From the entries below, write out exactly the lines between the line holding "For the last" and the line holding "Some of the most", inclusive, excluding any pictures.

# THE DATA
══════════════════════════════

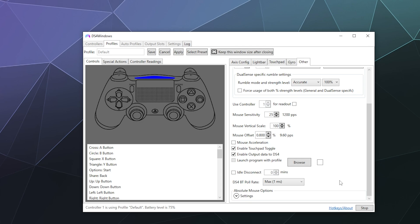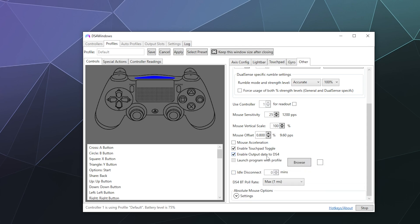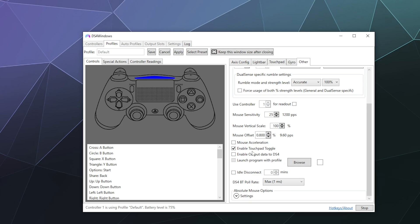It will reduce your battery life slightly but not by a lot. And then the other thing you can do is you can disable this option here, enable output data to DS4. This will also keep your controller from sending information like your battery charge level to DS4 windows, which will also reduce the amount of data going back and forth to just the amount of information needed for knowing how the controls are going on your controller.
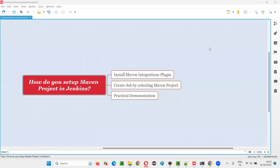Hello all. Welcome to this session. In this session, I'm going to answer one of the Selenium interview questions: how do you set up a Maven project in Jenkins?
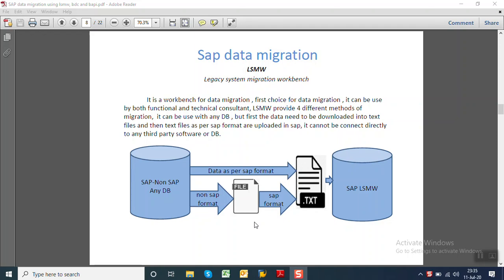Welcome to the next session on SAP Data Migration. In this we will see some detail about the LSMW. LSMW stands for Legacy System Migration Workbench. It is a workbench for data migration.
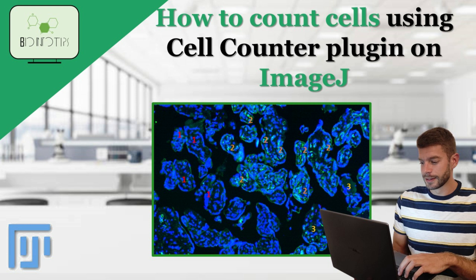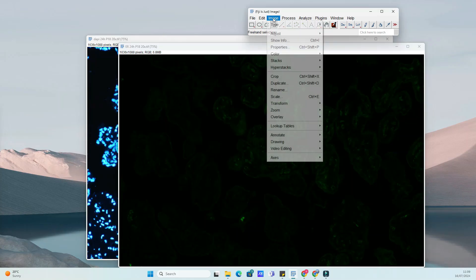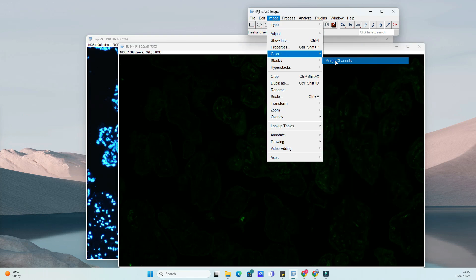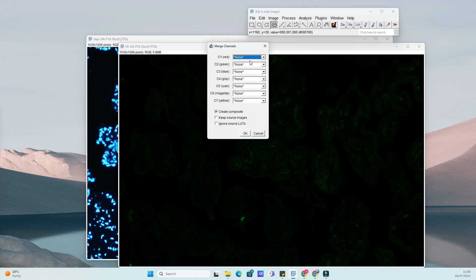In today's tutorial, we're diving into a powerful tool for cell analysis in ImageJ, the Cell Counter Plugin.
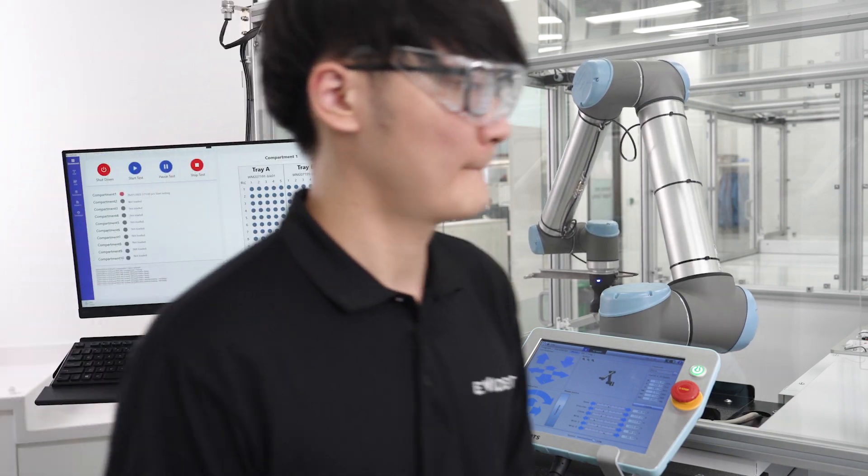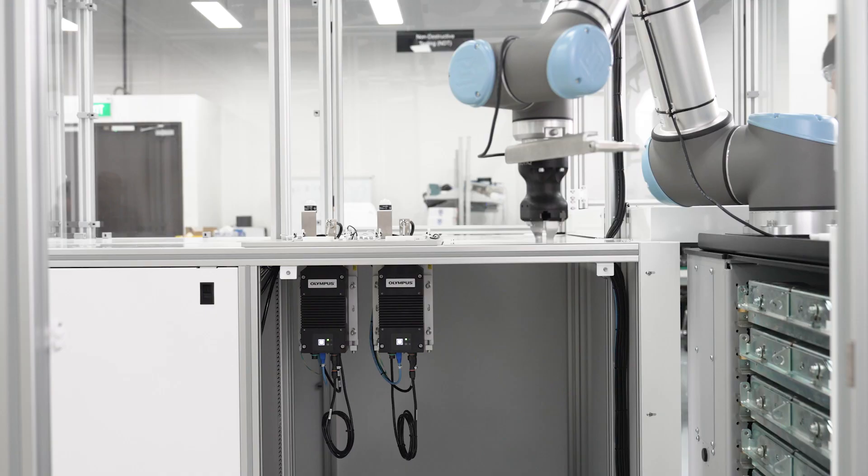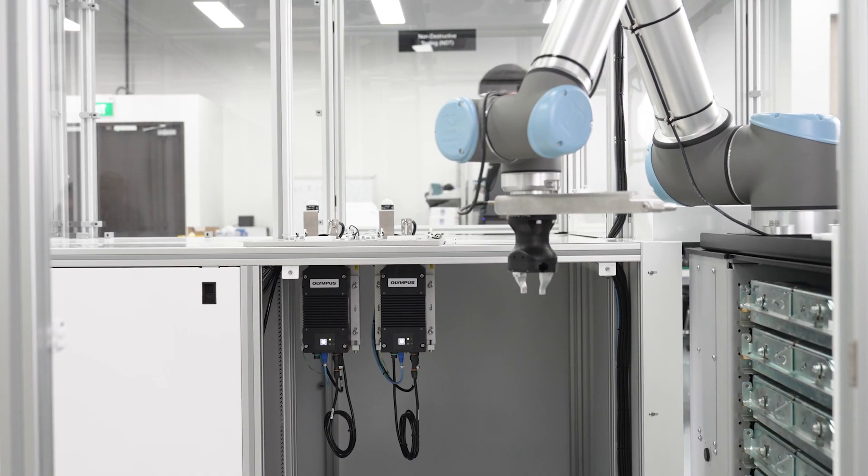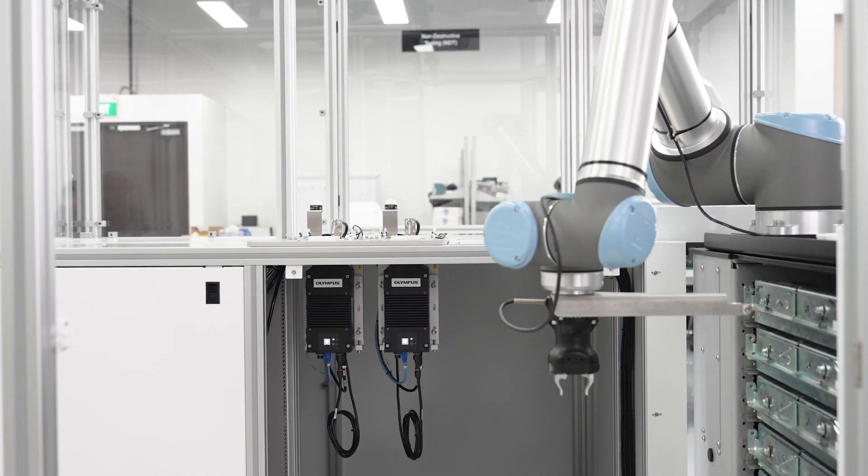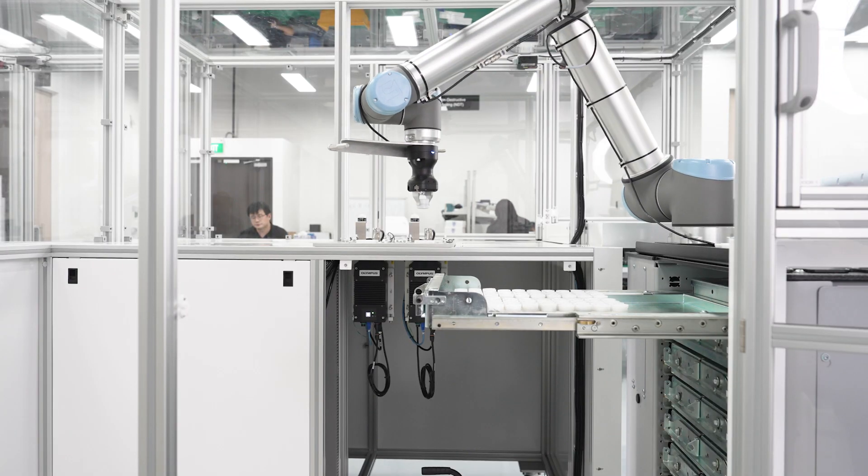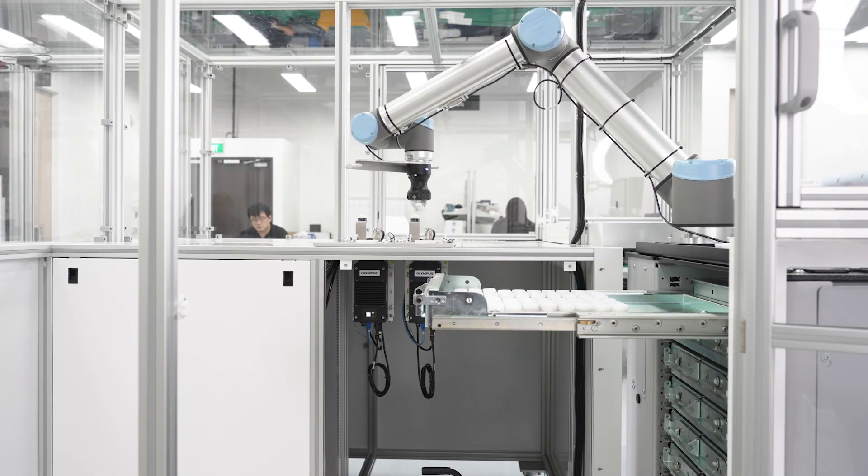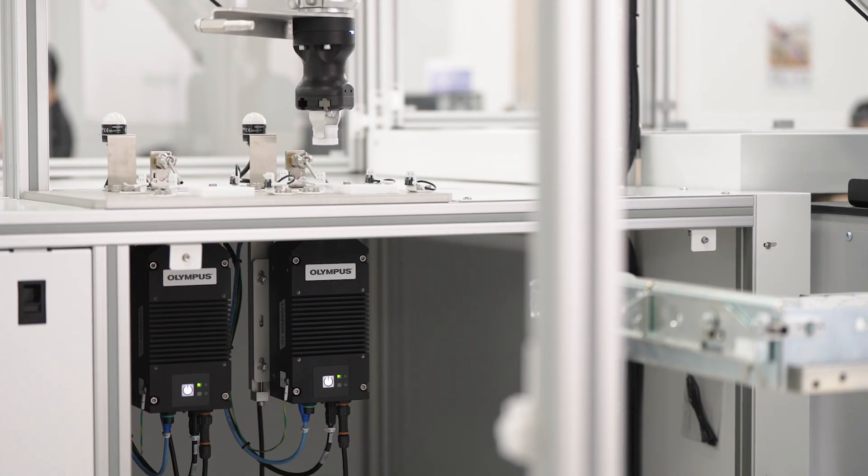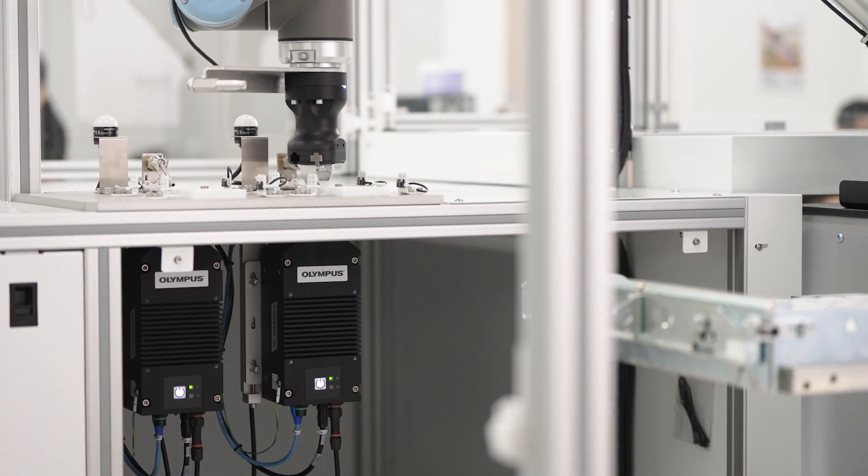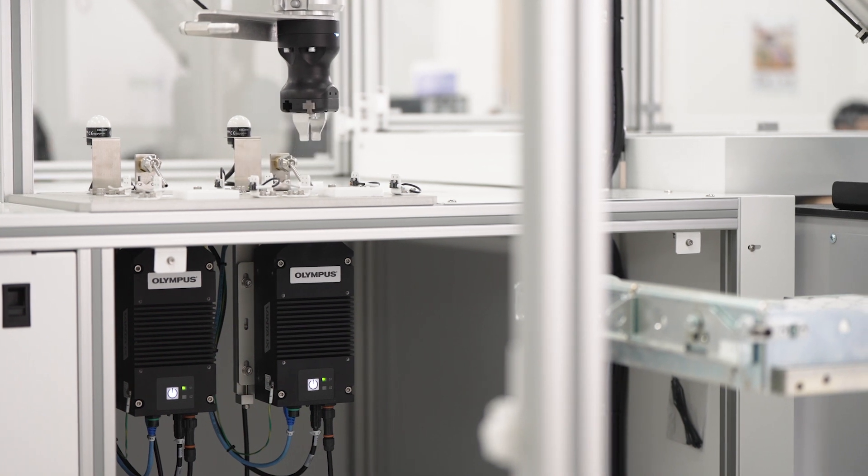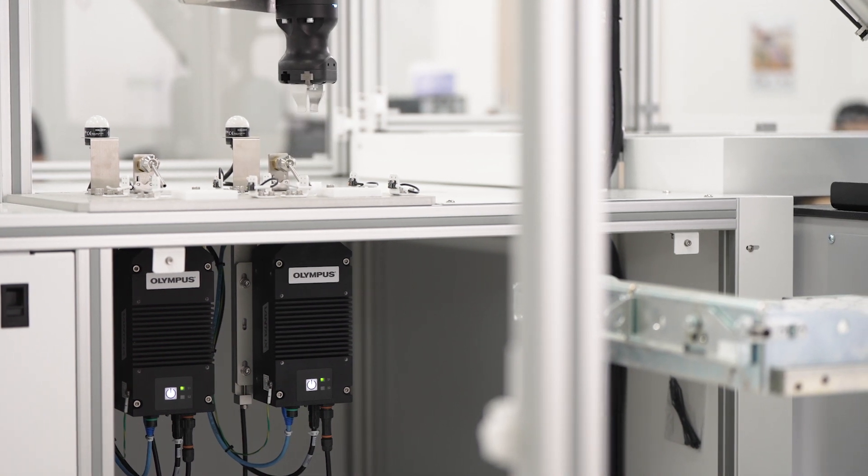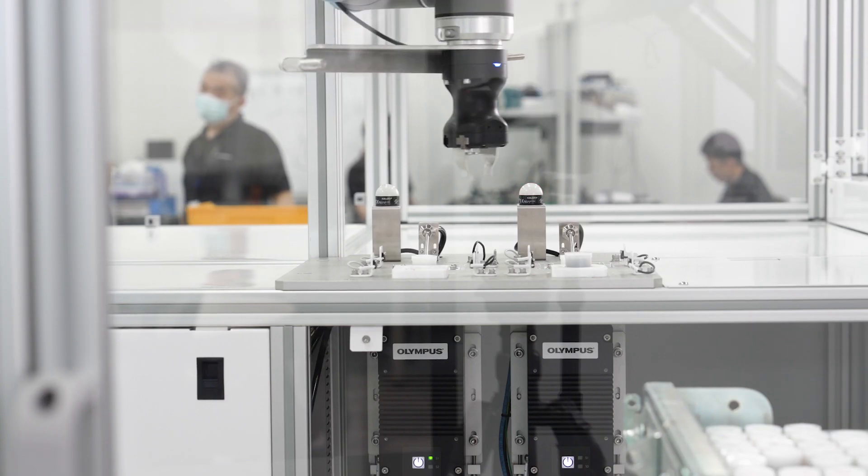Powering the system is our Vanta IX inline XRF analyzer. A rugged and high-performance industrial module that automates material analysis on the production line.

══════════════════════════════

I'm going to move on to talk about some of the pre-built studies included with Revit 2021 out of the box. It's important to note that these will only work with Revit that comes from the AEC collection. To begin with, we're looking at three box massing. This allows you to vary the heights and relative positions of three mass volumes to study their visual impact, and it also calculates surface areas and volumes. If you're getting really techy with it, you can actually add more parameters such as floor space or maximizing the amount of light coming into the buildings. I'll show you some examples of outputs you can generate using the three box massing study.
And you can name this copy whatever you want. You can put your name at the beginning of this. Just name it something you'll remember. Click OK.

══════════════════════════════

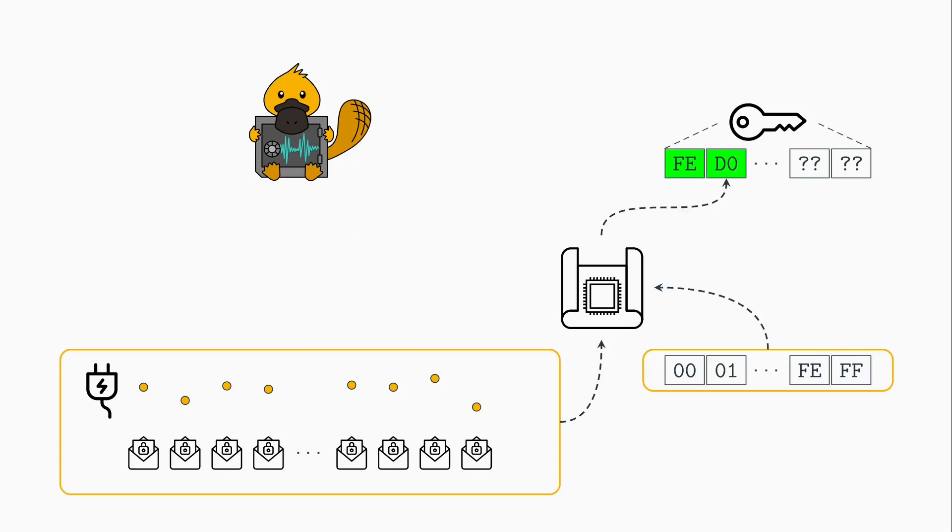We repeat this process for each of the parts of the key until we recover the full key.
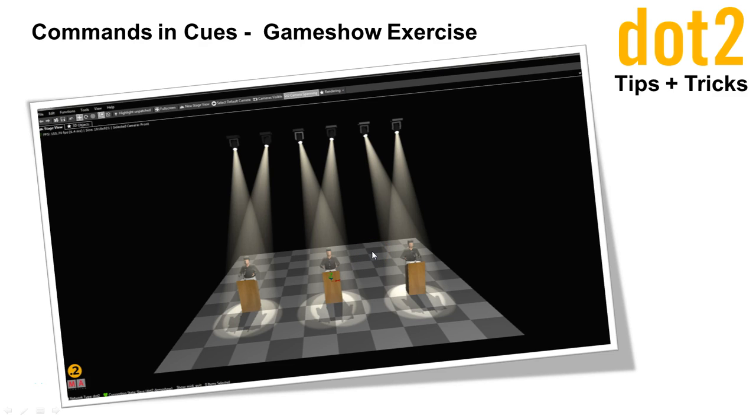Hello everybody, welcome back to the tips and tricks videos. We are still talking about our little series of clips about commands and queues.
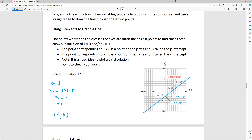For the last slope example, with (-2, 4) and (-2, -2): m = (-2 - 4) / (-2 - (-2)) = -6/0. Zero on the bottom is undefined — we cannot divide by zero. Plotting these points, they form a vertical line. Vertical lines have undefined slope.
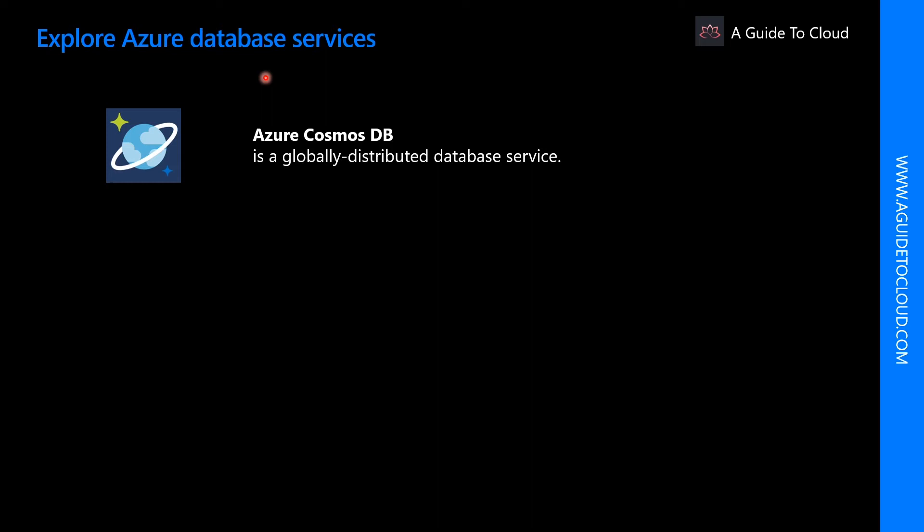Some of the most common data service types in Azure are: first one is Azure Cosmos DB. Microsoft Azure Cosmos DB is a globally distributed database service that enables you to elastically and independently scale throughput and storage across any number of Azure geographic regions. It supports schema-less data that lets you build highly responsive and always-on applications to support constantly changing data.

══════════════════════════════

# EXPECTED OUTPUT
For the last slope example, with (-2, 4) and (-2, -2): m = (-2 - 4) / (-2 - (-2)) = -6/0. Zero on the bottom is undefined — we cannot divide by zero. Plotting these points, they form a vertical line. Vertical lines have undefined slope.
Some of the most common data service types in Azure are: first one is Azure Cosmos DB. Microsoft Azure Cosmos DB is a globally distributed database service that enables you to elastically and independently scale throughput and storage across any number of Azure geographic regions. It supports schema-less data that lets you build highly responsive and always-on applications to support constantly changing data.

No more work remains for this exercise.